- PROBLEM STATEMENT:
Using the data below, set down every line from the one containing "una casa blanca" through the one containing "Mehrere Menschen in", inclusive and unchanged. Pictures are to be skipped.

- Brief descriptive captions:
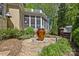 Large backyard decorative fountain with a screened-in porch and outdoor grilling area at 6914 Riesman Ln # 95, Charlotte, NC 28210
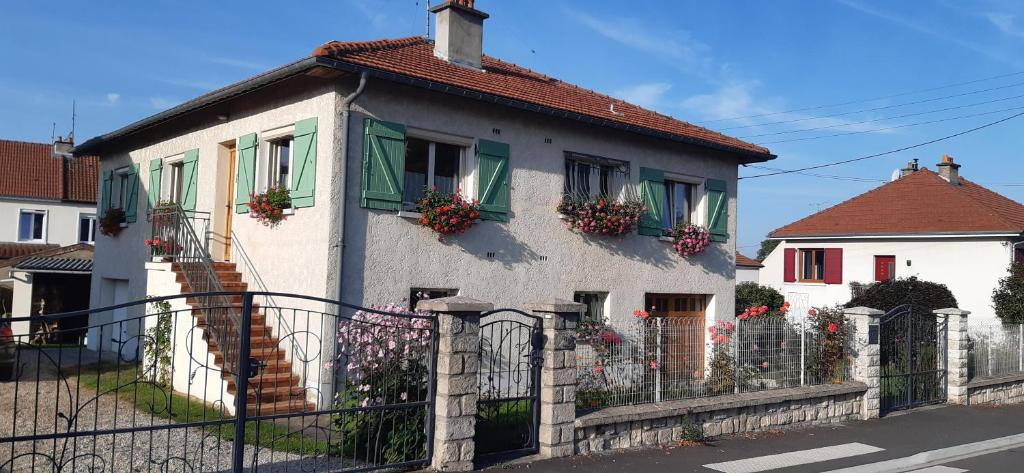 una casa blanca con flores en las ventanas en Chez Evelyne chambre d'hôtes chez l'habitant, en Verdún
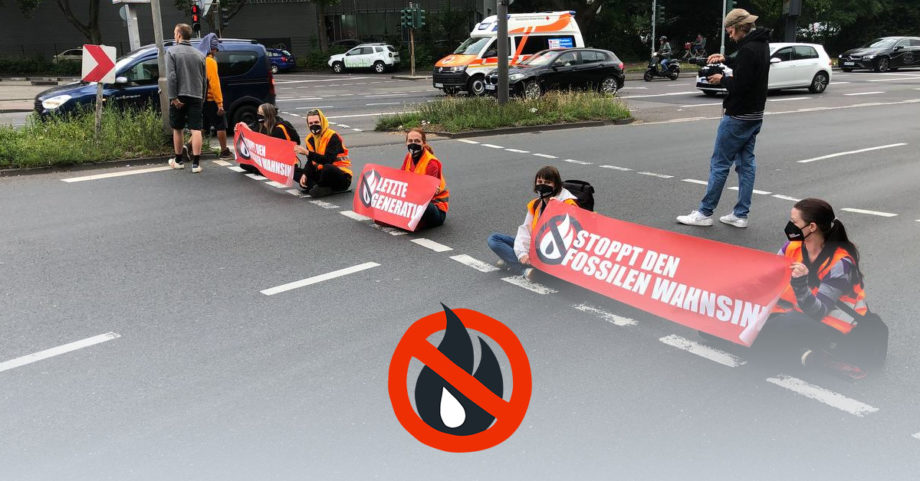 Mehrere Menschen in Warnwesten sitzen an einer roten FuĂgĂ€ngerampel mit Bannern auf der StraĂe. Auf den Bannern steht "Stoppt den fossilen Wahnsinn" oder "Letzte Generation".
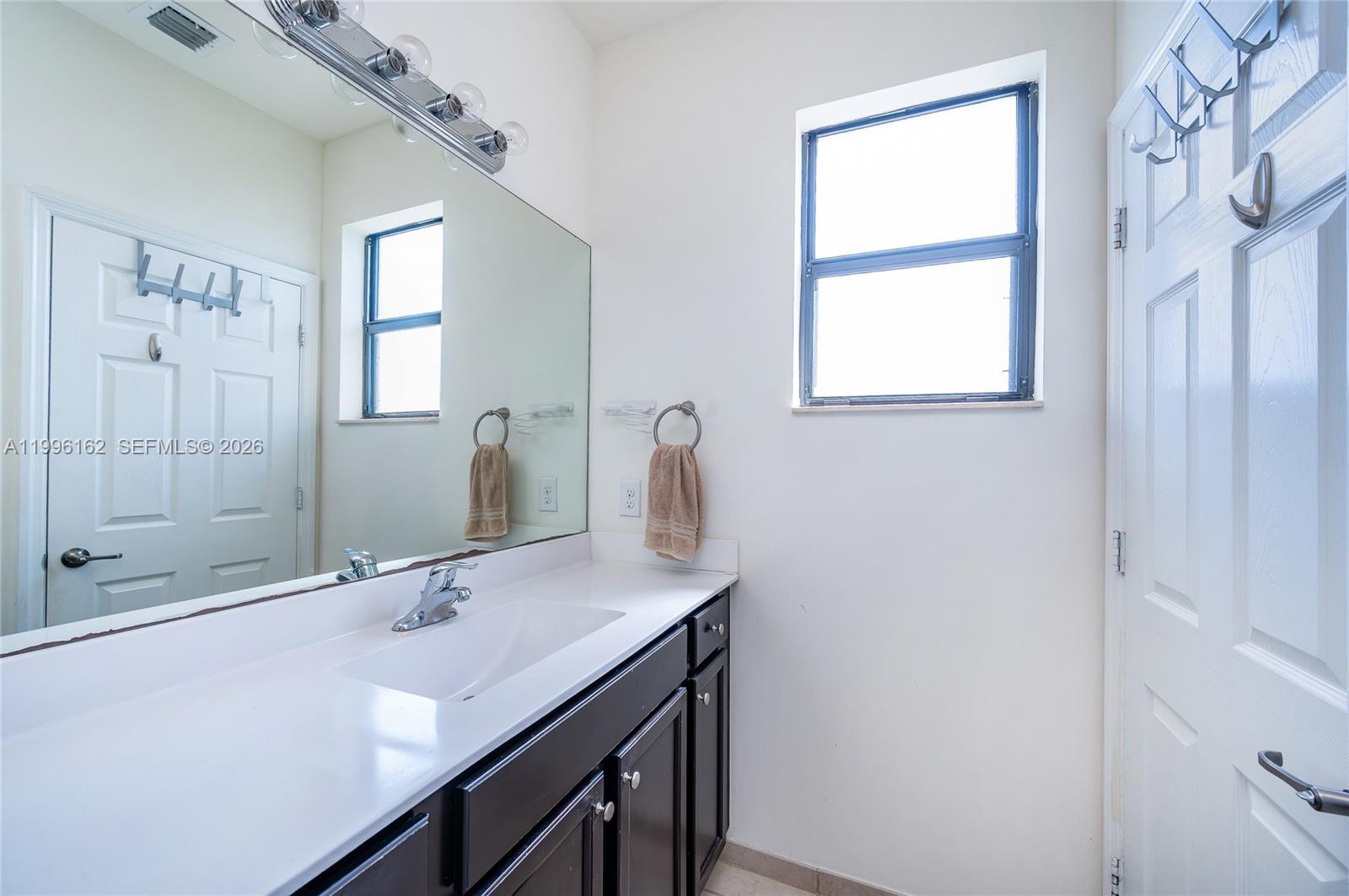 24951 Southwest 114th Court Homestead, FL 33032 - Photo 20 of 28 a bathroom with a sink a vanity and a mirror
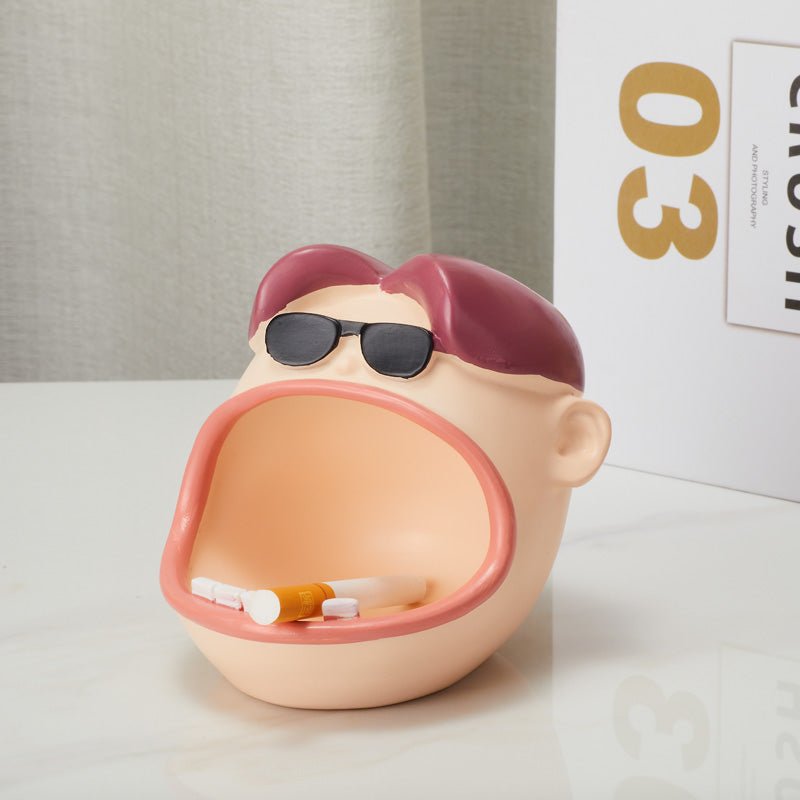 Side view of Funny Big Mouth Dude Ashtray holding cigarettes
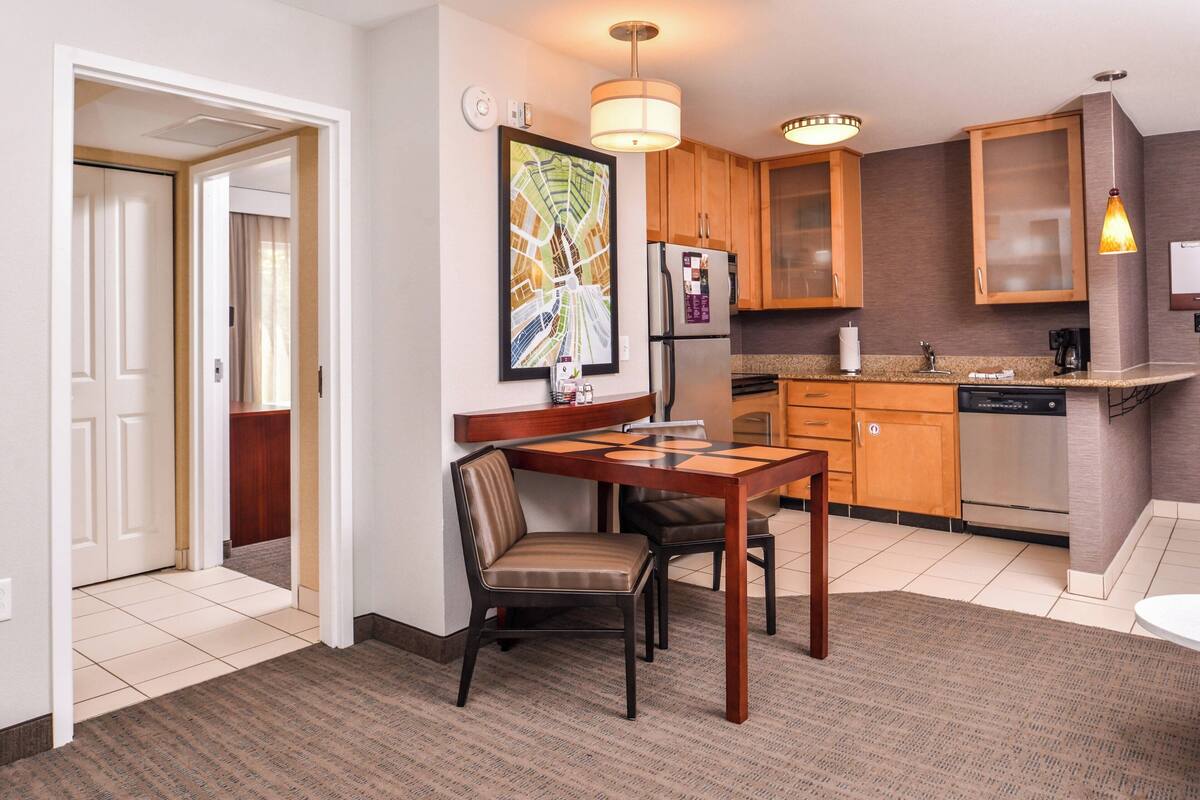 A hotel room with a dining area, a kitchen with wooden cabinets, a refrigerator, and a large window.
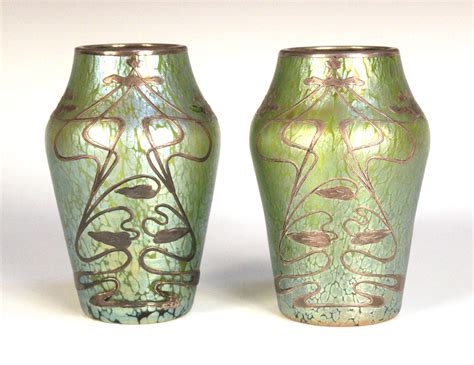 A Pair Of Art Nouveau Silver Mounted Iridescent Glass Vases Probably Loetz Circa 1900 Each Green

- TASK RESULT:
 una casa blanca con flores en las ventanas en Chez Evelyne chambre d'hôtes chez l'habitant, en Verdún
 Mehrere Menschen in Warnwesten sitzen an einer roten FuĂgĂ€ngerampel mit Bannern auf der StraĂe. Auf den Bannern steht "Stoppt den fossilen Wahnsinn" oder "Letzte Generation".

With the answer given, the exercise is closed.